Goodwin’s recommendations are likely to inform what McDonald calls a “new social contract for transport” that will be a key plank of Labour’s next General Election manifesto.
The work will look at “who benefits from transport provision, including indirect beneficiaries as well as travellers themselves”, and “draw conclusions about which elements of transport provision should be charged for, and the best balance of funding from users, passengers, companies, taxpayers and other stakeholders”.
Labour has already pledged to fund free bus travel for under 25s if it wins power.
Said McDonald: “The social contract on transport has completely collapsed under the Conservatives with soaring fares for bus and rail passengers alongside huge cuts to investment in road maintenance, railways and bus services.”
Pointing to the French riots sparked by fuel tax rises, he added: “A glance at recent events in France shows the dangers of a breakdown in faith and trust between the Government and public on transport spending.”
Professor Goodwin said: “I’m very pleased to tackle this challenging topic.

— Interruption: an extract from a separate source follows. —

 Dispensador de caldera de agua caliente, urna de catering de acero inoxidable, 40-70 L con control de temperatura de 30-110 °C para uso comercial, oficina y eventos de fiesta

It seems to me that the idea of a ‘new social contract for transport’ could be a very powerful tool for considering the fundamental changes in how people travel and use communications technology.”
He said the work would look at “the best expertise and best practice from around the world”, and “discuss what is the right deal between the Government and the electorate to deliver a sustainable and equitable transport system fit for the 21st century”.
Explaining his decision to accept the commission, Goodwin, who is not a Labour Party member, said he believed opposition parties “should have access to independent professional advice, just as governments do”.
“It will be an open, independent study, and evidence will be welcome from all,” he said.
In his LTT column this week, Goodwin gives more background to the work. He says Labour’s frontbench team is particularly concerned about the implications of rising road traffic and falling tax revenues resulting from the switch to electric vehicles.
Goodwin has not been given a deadline to report back. He expects the work will take “six months to a year” and said a timetable would be firmed up in the scoping phase over the next six weeks.
The working assumption is that the project will inform a manifesto for a General Election at its due date in 2022. “Everybody is aware of other possibilities, of course, which may need some rethinking, but I’m not crossing that bridge unless we come to it,” said Goodwin.